The United Church of Christ will appeal Tuesday’s Media Bureau dismissal of its opposition to FCC renewal of licenses for two Miami TV stations whose parent companies refused to run the church’s ad. Dismissing the petition to deny renewal of NBC Telemundo’s WTVJ and CBS-owned WFOR-TV, the bureau said the church didn’t say either station declined to air the spot (CD Aug 9 p12). That doesn’t invalidate the complaint, said Media Access Project President Andrew Schwartzman, on behalf of the church. “Networks do not hold licenses, so unless the public is able to challenge network-owned stations through the license-renewal process, there is no recourse,” he said. “We have a strong case for reversal.” Some CBS and NBC affiliates did agree to run the ad touting the church’s inclusiveness, but the church said it sought to buy spots across broadcast networks to reach more viewers.

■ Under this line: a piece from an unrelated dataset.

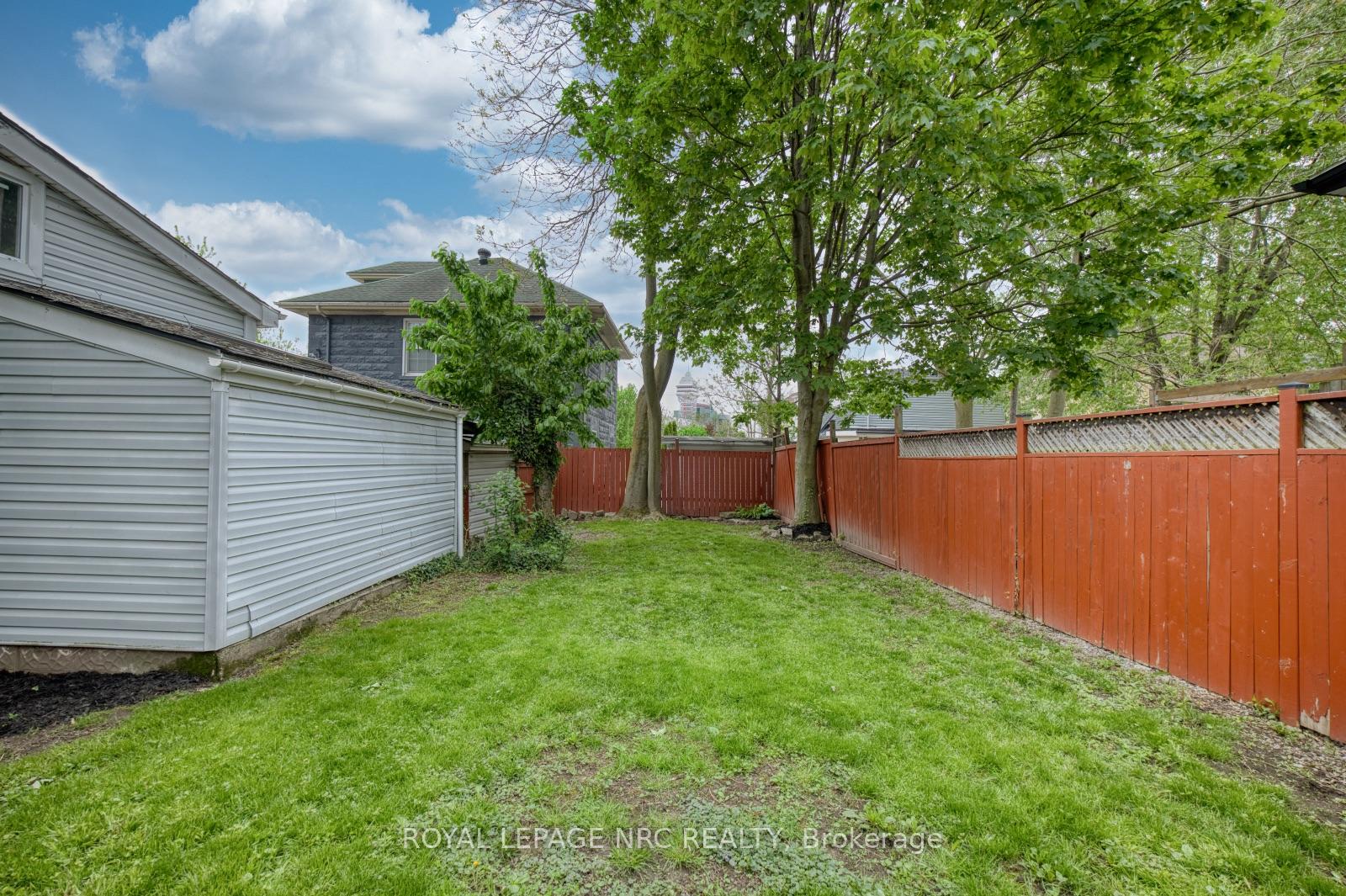Photo 22 of 4676 McDougall Crescent, Niagara Falls, Downtown — HOMEH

The FCC’s year-long media ownership review is gaining momentum with the public unveiling of 10 economic studies, after many were delayed, as well as the imminent release of a rulemaking notice on minority ownership (CD July 30 p1), said FCC and industry sources. FCC Chairman Kevin Martin seems poised to circulate a final report and order dealing with most or all aspects of media ownership limits by the end of the first quarter, said an FCC official. A second official said the chairman wants to wrap up public comments on all aspects of the review by year’s end, which could bode well for a final order to circulate on the eighth floor in Q1.